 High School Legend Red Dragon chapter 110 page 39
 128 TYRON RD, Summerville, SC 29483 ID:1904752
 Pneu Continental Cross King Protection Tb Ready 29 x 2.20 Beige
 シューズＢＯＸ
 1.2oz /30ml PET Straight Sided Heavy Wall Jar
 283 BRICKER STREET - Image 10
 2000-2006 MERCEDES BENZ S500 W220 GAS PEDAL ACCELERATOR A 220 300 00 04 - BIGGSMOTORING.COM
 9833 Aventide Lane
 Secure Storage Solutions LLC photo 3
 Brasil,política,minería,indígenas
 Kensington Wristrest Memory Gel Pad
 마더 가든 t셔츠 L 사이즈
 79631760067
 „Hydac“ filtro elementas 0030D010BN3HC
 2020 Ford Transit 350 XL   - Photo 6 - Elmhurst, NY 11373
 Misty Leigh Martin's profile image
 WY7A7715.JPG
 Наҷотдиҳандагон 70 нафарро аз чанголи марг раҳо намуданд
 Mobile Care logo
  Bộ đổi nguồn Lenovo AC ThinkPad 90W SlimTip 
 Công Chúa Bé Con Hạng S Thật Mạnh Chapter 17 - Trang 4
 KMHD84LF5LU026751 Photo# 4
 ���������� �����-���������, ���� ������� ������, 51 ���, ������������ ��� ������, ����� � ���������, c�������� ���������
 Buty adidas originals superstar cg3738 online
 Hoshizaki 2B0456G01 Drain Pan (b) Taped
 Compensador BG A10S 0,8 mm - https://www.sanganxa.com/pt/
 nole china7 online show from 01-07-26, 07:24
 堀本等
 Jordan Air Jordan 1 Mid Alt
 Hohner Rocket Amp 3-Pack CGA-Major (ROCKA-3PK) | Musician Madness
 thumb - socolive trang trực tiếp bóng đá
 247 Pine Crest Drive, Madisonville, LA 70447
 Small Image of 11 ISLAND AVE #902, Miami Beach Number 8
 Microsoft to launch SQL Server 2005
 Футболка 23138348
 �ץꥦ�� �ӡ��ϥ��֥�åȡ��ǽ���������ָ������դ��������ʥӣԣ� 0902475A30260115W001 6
===
Only the number is wanted: how many lines in the entries above contain the word "online"?

2